$f(x)$ is irreducible over finite field $F_p$ , does $f(x)$ split over $F_p / \langle f(x) \rangle$? I want to know whether it is possible to generalize the next thing exercise.
$x^4 + x + 1$ is irreducible over $F_2[x]$ , so $F_2[x]/\langle x^4 +x+1\rangle = span_{F_2} \{1,\bar{x} , \bar{x}^2,\bar{x}^3\} \cong F_{2^4}$. So $\bar{x}^4 + \bar{x} +1 = 0$ in $F_2[x]/\langle x^4+x+1\rangle$ and due to the fact that in $F_2$ $(a+b)^2 = a^2 + b^2$ ,we get that $\bar{x}^8 + \bar{x}^2 +1 = 0=(\bar{x}^4 + \bar{x} +1)^2 = 0$ so $\bar{x}^2$ is also a root. And similarly $\bar{x}^4 , \bar{x}^8$ are roots. A simple check gives that those are 4 different roots, thus indeed the polynomial splits. 
So my question,
is there a way to use the fact that $F_{p^n}$ is the splliting field of $x^{p^n}-x$ over $F_p$ and the fact that for every $f(x)$ irreducible polynomial over $F_p[x]$ from degree $n$ , $F_p[x]/ \langle p(x) \rangle \cong F_{p^n}$ to show that $f(x)$  splits over $F_p[x]/ \langle f(x) \rangle$ ?
 A: Yes, your conjecture is true and can be proven without Galois theory (@commenters):

Theorem 1. Let $K$ be a finite field. Let $f \in K\left[x\right]$ be an irreducible polynomial. Let $L$ be the field $K\left[t\right] / \left(f\left(t\right)\right)$. Then, $f$ factors into linear polynomials over the field $L$.

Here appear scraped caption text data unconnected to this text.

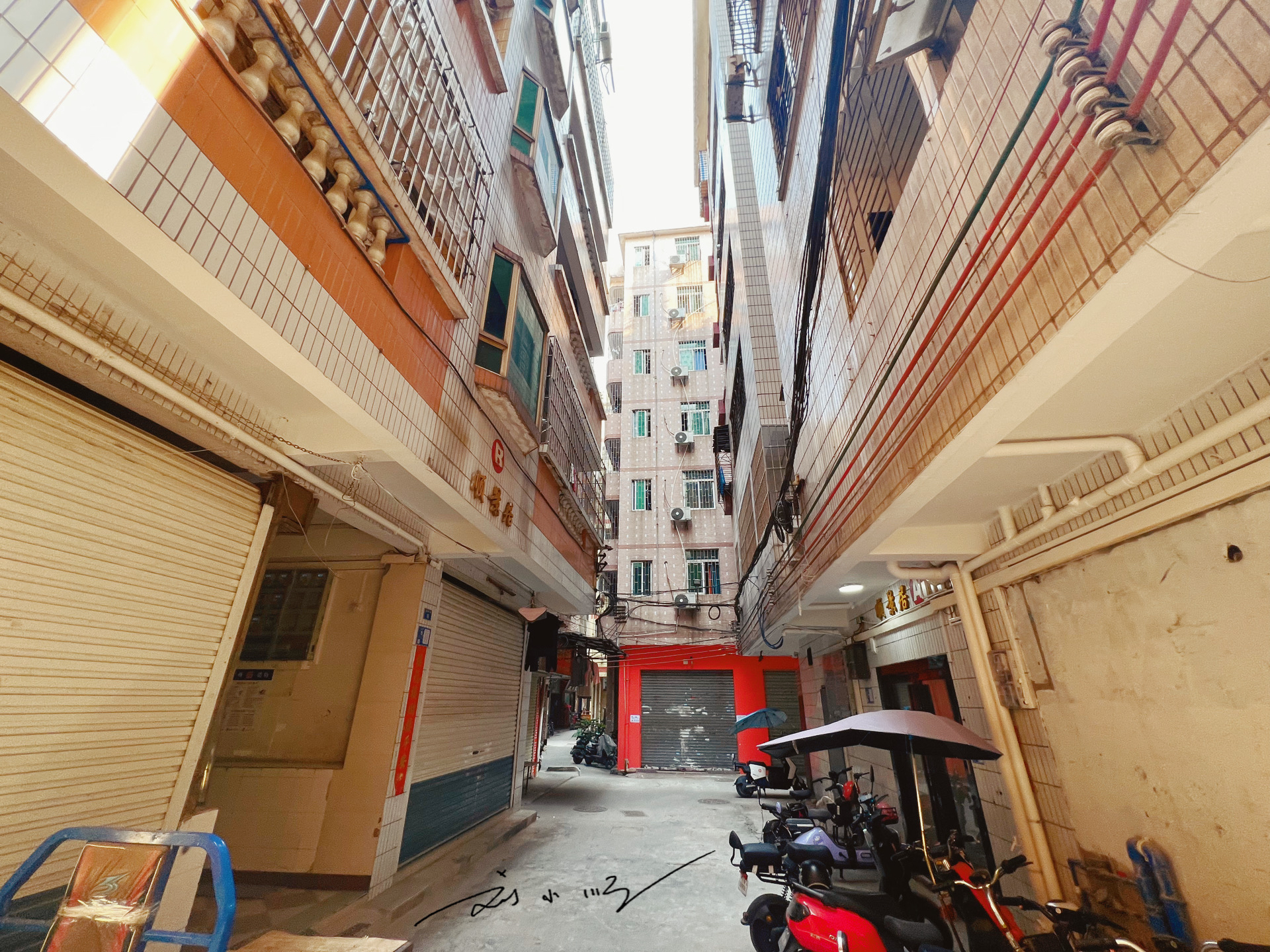 广州市中心有一个超大的城中村,广州白云区有几个热闹的城中村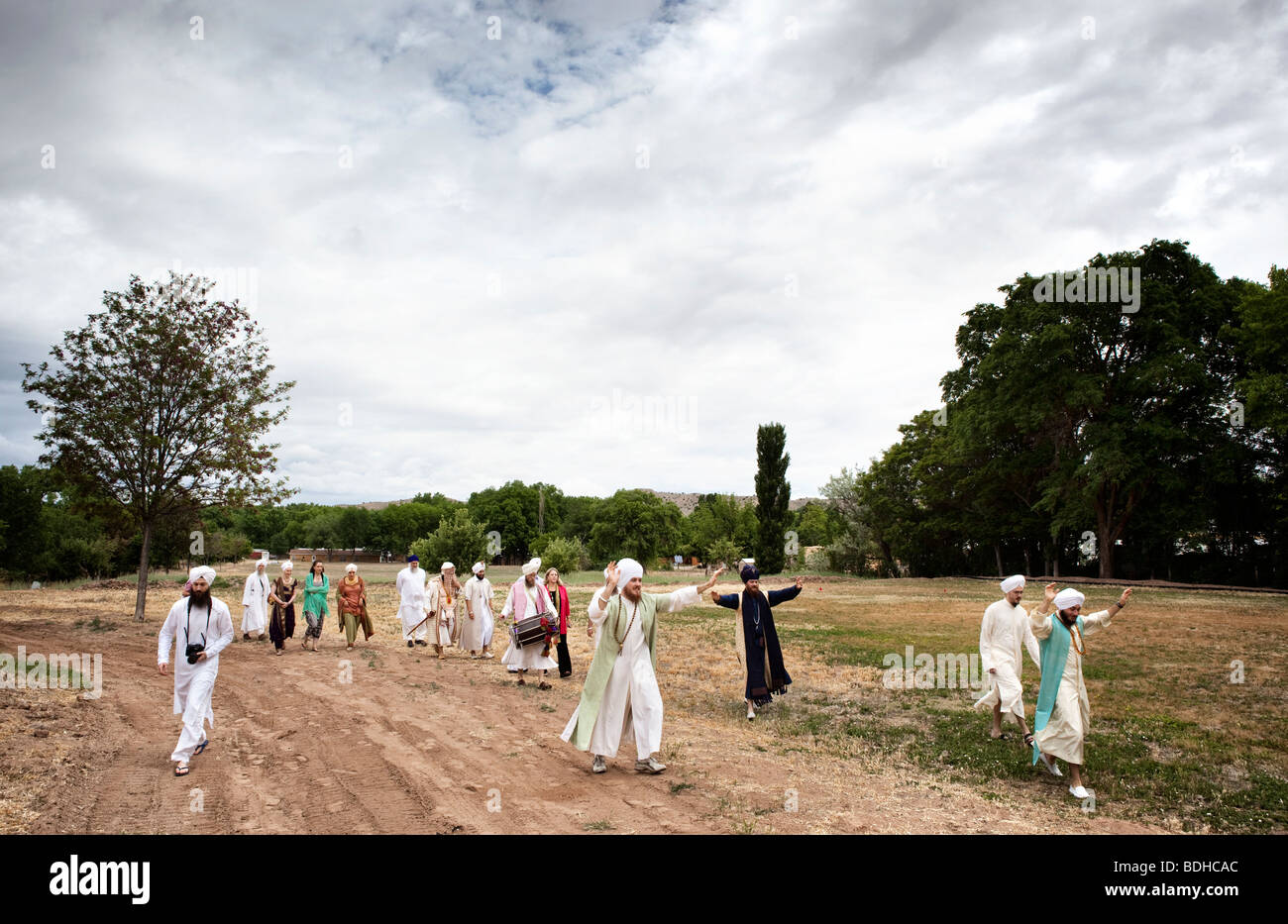 Eine Sikh Hochzeit Prozession findet in Espanola, NM statt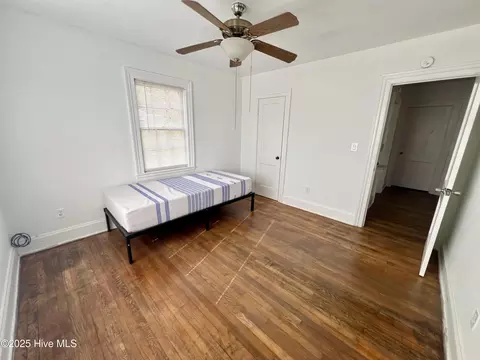 Bedroom - 314 E 9th St, Washington, NC 27889 photo 4 of 7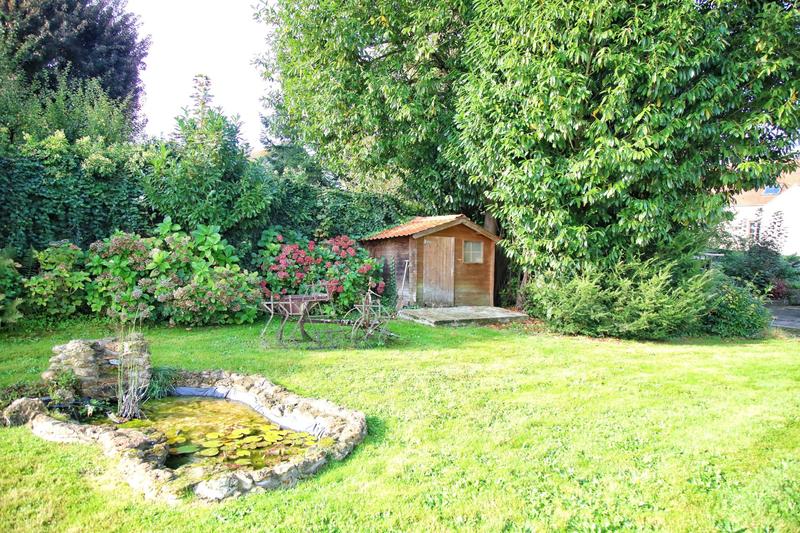 Maison - 230 m² - 8 pièces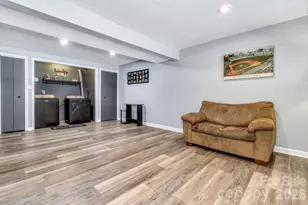 13 Spring Lake Dr, Fletcher, NC 28732 - Photo 27
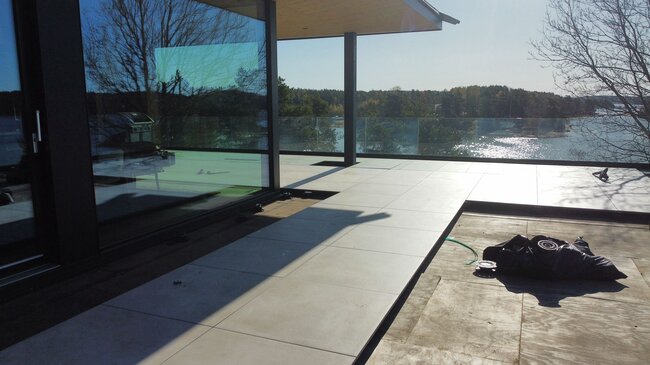 Terrasse en dalles dans une maison moderne au bord de l'eau en Finlande 2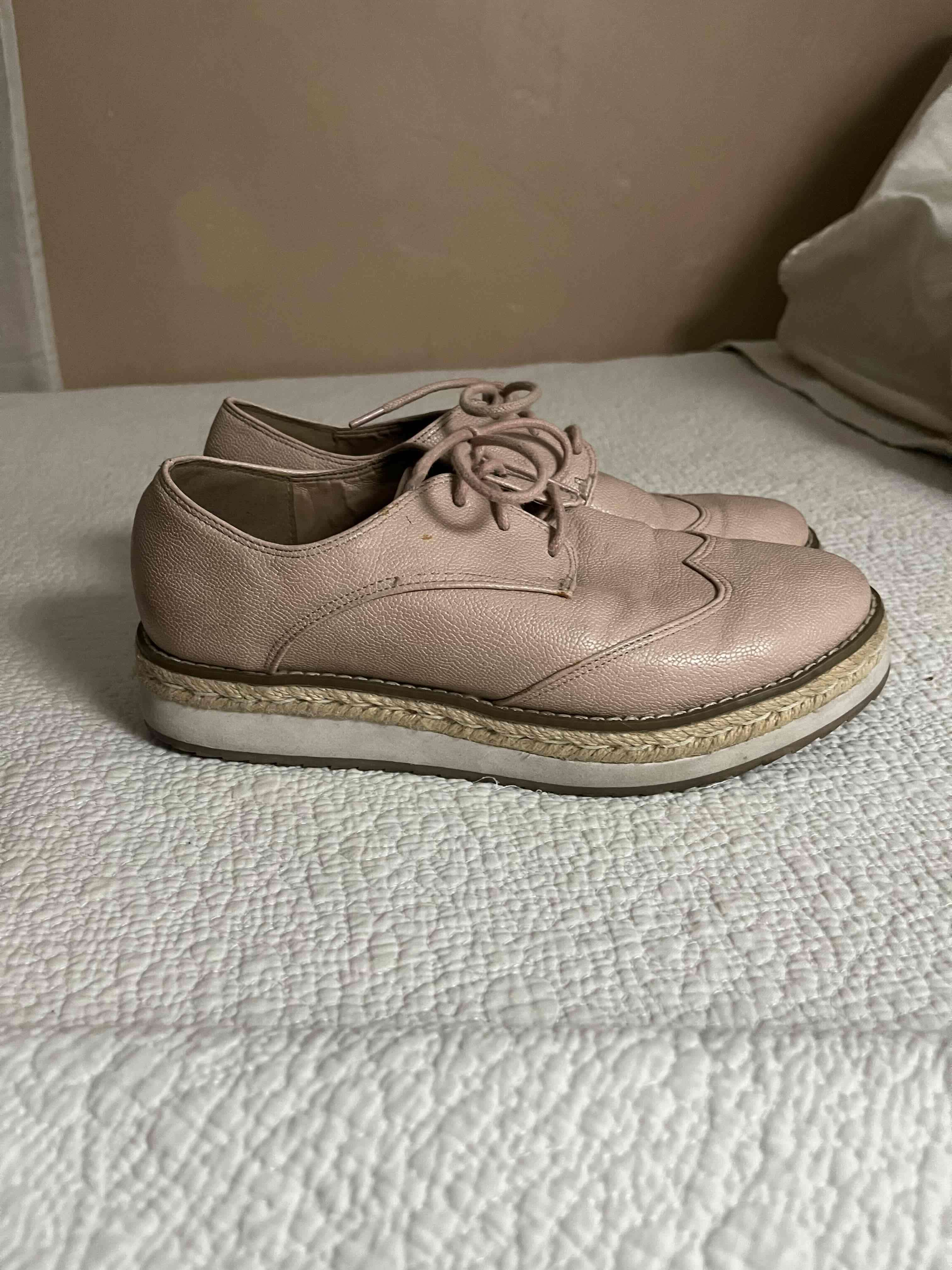 Zapatos rosados con plataforma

Note that I have used two different indeterminates $x$ and $t$ here in order to avoid the awkwardness of having a polynomial in $x$ over a ring that already sort-of contains an $x$ in it. This is either necessary or redundant depending on the pedantic minutiae of your definition of polynomial rings; in either case, it does not hurt.

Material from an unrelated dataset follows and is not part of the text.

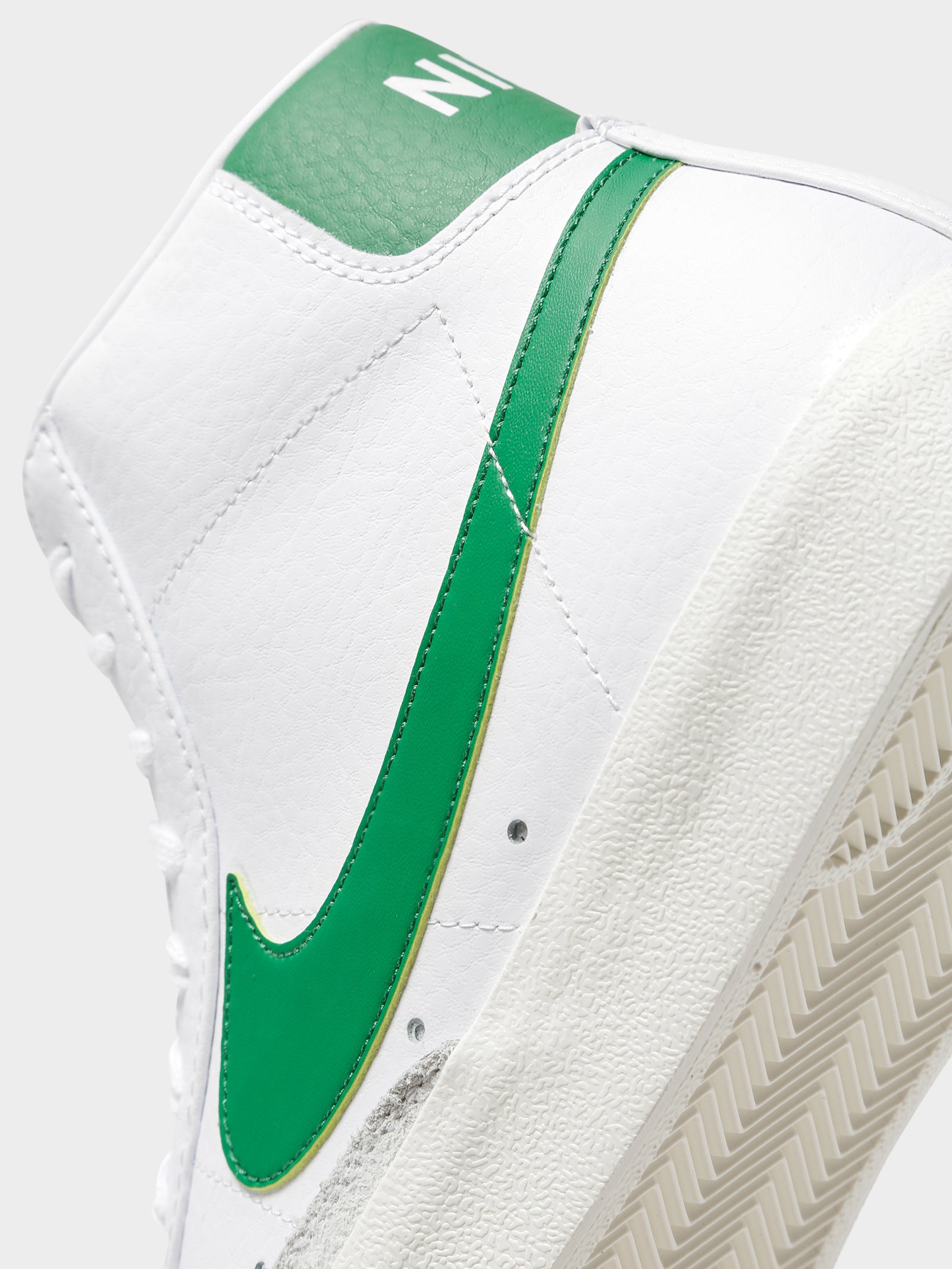 Nike Mens Blazer Mid 77 High Top Sneakers White/Green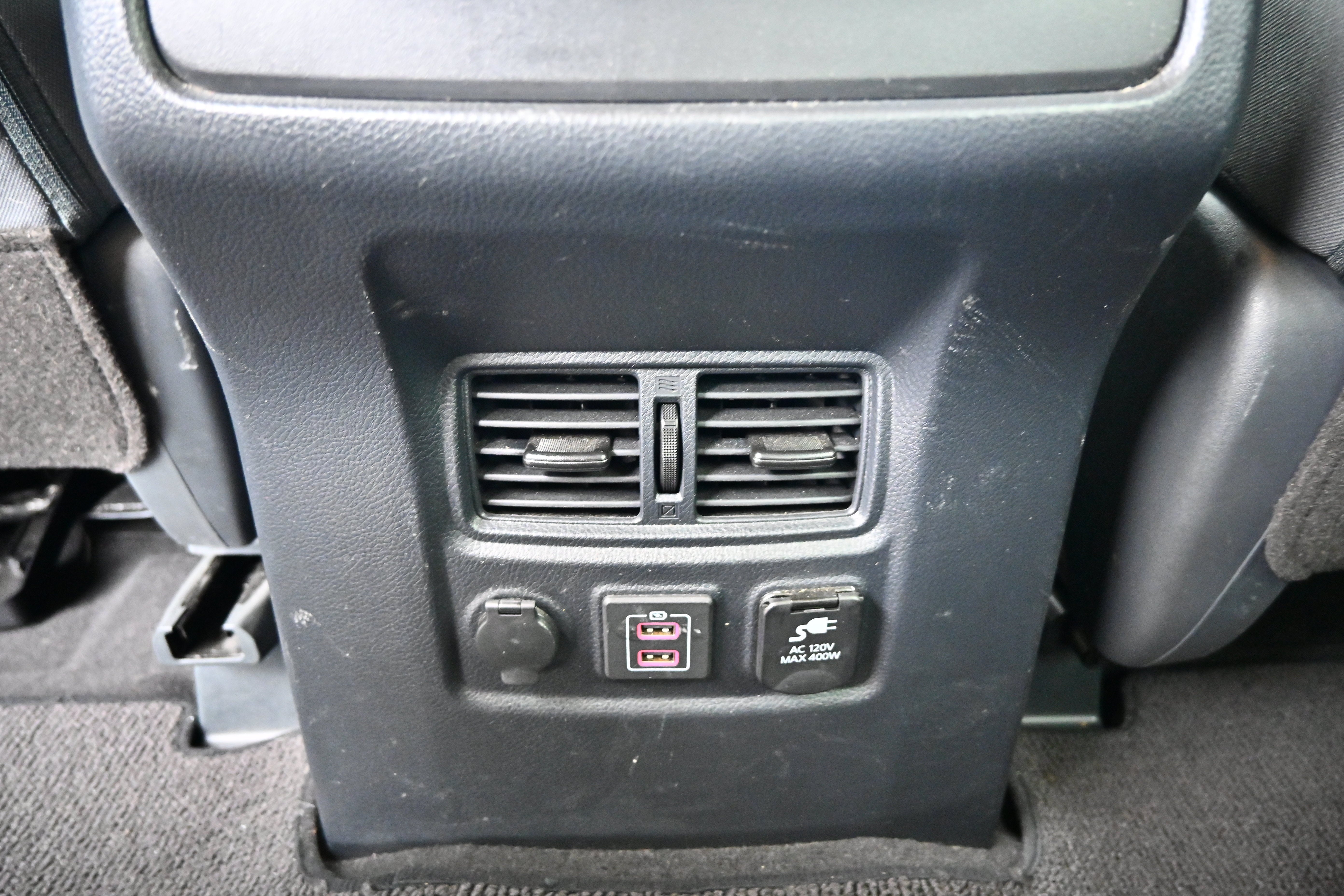 2024 Nissan Titan Crew Cab SV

Proof of Theorem 1. Let $q = \left|K\right|$. It is well-known that for any commutative $K$-algebra $A$, the map $A \to A,\ a \mapsto a^q$ is a $K$-algebra endomorphism of $A$ (since any $a, b \in A$ satisfy $\left(a+b\right)^q = a^q + b^q$ and $\left(ab\right)^q = a^q b^q$, and since each $\lambda \in K$ satisfies $\lambda^q = \lambda$). This endomorphism will be denoted by $F_A$, and is called the Frobenius endomorphism of $A$.

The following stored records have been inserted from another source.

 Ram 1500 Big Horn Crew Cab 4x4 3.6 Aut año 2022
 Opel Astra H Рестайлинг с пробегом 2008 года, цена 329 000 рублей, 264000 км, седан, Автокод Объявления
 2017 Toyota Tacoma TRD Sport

Let $n$ be the degree of $f$. For each polynomial $g \in K\left[t\right]$, let $\overline{g}$ be the projection of $g \in K\left[t\right]$ onto the quotient ring $K\left[t\right] / \left(f\left(t\right)\right) = L$. Let $u = \overline{t} \in L$. Let $F$ be the map $F_L$. Thus, $F$ sends each $a \in L$ to $a^q$ (by the definition of $F_L$). Hence, for each nonnegative integer $i$ and each $a \in L$, we have
\begin{align}
F^i\left(a\right) = a^{q^i}
\label{darij1.pf.t1.Fi}
\tag{1}
\end{align}
(indeed, this can be proven by induction on $i$, using the previous sentence in the induction step).
We shall show that $F^0\left(u\right), F^1\left(u\right), \ldots, F^{n-1}\left(u\right)$ are $n$ distinct roots of $f$ in $L$. This will quickly yield that $f$ factors into linear polynomials over $L$. Let us proceed in three steps:

Claim 1: The $n$ elements $F^0\left(u\right), F^1\left(u\right), \ldots, F^{n-1}\left(u\right)$ of $L$ are distinct.

Proof of Claim 1. Assume the contrary. Thus, there exist two elements $i$ and $j$ of $\left\{0,1,\ldots,n-1\right\}$ such that $i<j$ and $F^i\left(u\right) = F^j\left(u\right)$. Consider these $i$ and $j$. We have $i < j$, thus $q^i < q^j$ (since $q = \left|K\right| > 1$).
Let $a \in L$ be arbitrary. We are going to prove that $a^{q^j} - a^{q^i} = 0$.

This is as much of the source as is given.